Tgtg, je suis tout à fait d'accord avec toi. Mais si une situation insoutenable finit par vous conduire au divorce (il y a de plus en plus de violence familiale dans les familles de cadres), aux problèmes avec les enfants, aux ennuis de santé, à une vie avec des calmants ou des stimulants, le tout aboutissant immanquablement à un désatre financier.... je crois qu'il vaut mieux changer de vie quand il en est encore temps, plutôt que d'aller trouver un coach qui vous aidera à supporter tout ça.

Très sympathiques tes deux liens :-) Essayons donc de ne pas nous laisser manger par le système ! :-))

 
tgtg
01-06-04 à 18:02

Re: Re: Re: Bonjour

d'accord avec toi!!!

je ne ferais pas appel à un coach , mais certains hésitants , se sentant isolés ,ont besoin de coach dans certains cas , pour "changer de vie"
...

 
ImpasseSud
01-06-04 à 19:25

Re: Re: Re: Re: Bonjour

En fait, le but de mon article était surtout de condamner le système démentiel dans lequel beaucoup de cadres sont obligés de travailler, comme des esclaves de luxe au service du capital.
Quand des jeunes décident de faire des études supérieures, en général ils choisissent une branche qui les intéresse, et ils espèrent vivement pouvoir construire leur vie et (éventuellement) une famille sur ce choix. Alors pourquoi le système actuel les condamne-t-il bien souvent à faire des horaires impossibles, sans parler des prétentions de ductilité les plus invraisemblables, au détriment de leur famille et de leur vie privée, comme si, seul, leur emploi (qui bien souvent ne correspond même pas à ce qu'ils en attendaient, et en plus n'est pas plus sûr que ça) devait compter?
Ensuite, au lieu d'apporter des corrections au système qui, de toute évidence n'est pas fonctionnel et coûte cher à la société, on invente les coaches.... N'est-ce pas débile?

 
tgtg
02-06-04 à 00:10

Re: Re: Re: Re: Re: Bonjour

un "système démentiel" effectivement !
et pas uniquement pour les cadres :-(

 
ImpasseSud
03-06-04 à 08:30

Afin de vous couler dans le moule dès le départ!
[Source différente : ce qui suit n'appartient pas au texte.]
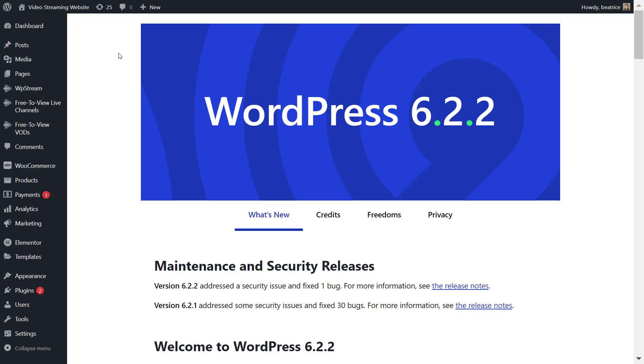Hey streamers and welcome back to the WP Stream YouTube channel. In this video I'll show you how to create a pay-per-view live stream, so basically how to sell your live streams to your viewers. For this you'll need the WooCommerce plugin.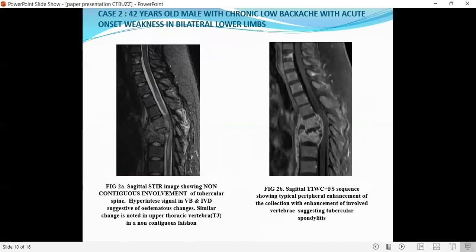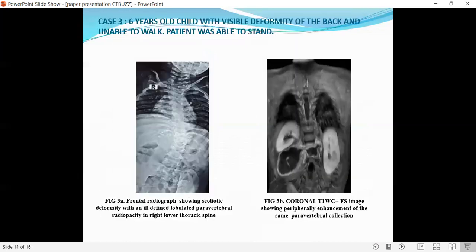Case 2: a 42-year-old male with chronic low backache and acute onset weakness in bilateral lower limbs. The first image shows non-contiguous involvement of the tubercular spine. The second image shows typical peripheral enhancement of the collection with enhancement of the involved vertebrae. Case 3: a 6-year-old child with visible deformity of back and unable to walk. The first image is a frontal radiograph showing kyphoscoliotic deformity. The second image is a coronal T1-weighted image showing peripheral enhancement of the paravertebral collection.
Voir également cet autre article du Point :
Le coaching envahit les grandes écoles
Je suis tout à fait d'accord avec son auteur, Thomas Jan, quand il déclare que "le coaching est un tutorat qui ne dit pas son nom", et quand il pose la question finale :"A quand le coaching pour foetus?"
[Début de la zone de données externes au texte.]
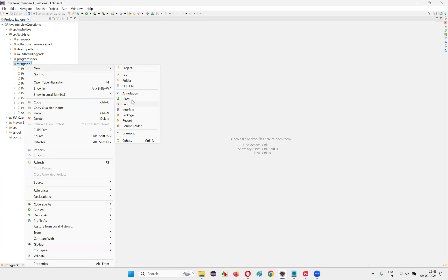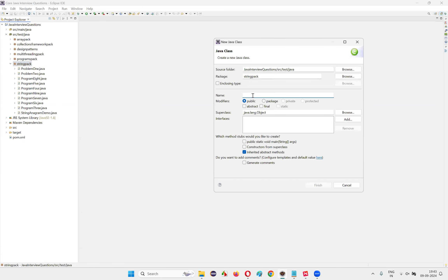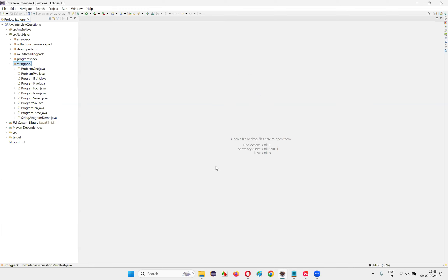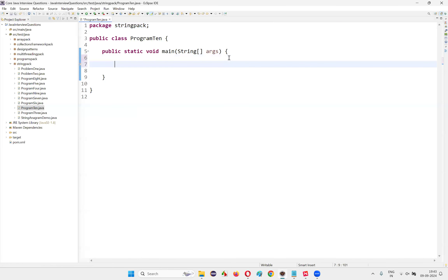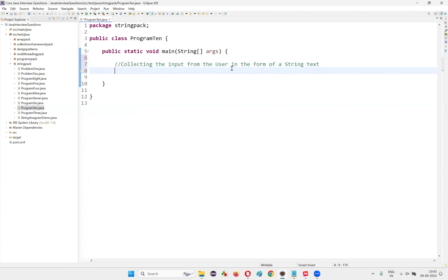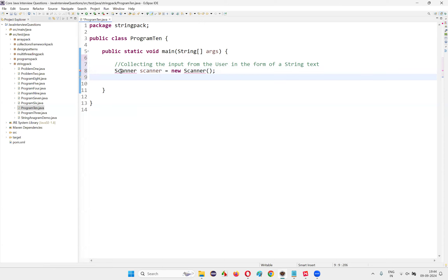I'll switch to the Eclipse IDE. In the Eclipse IDE, I'm going to create a new class. I'll name this class 'Program10' — just a random name — with a main method. Inside the main method, first I'll write the logic for collecting input from the user as string text. For that, we have to create an object for the predefined Scanner class. Import the Scanner class as well.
Moi, je trouve que c'est révoltant, et j'appelle cela de la violence psychologique, du lavage de cerveau! On va donc imposer ce tutorat aux élèves des grandes écoles, alors qu'étant majeurs, l'Etat les considère capables de se gérer, même s'ils ont parfois besoin d'un conseil (comme tout le monde d'ailleurs).
Quand je pense qu'ensuite, ces même personnes formées "en tutelle" décident par leur vote de l'avenir d'une nation!!!!!, j'en ai froid dans le dos.

Personne ne lit plus "1984" d'Orwell?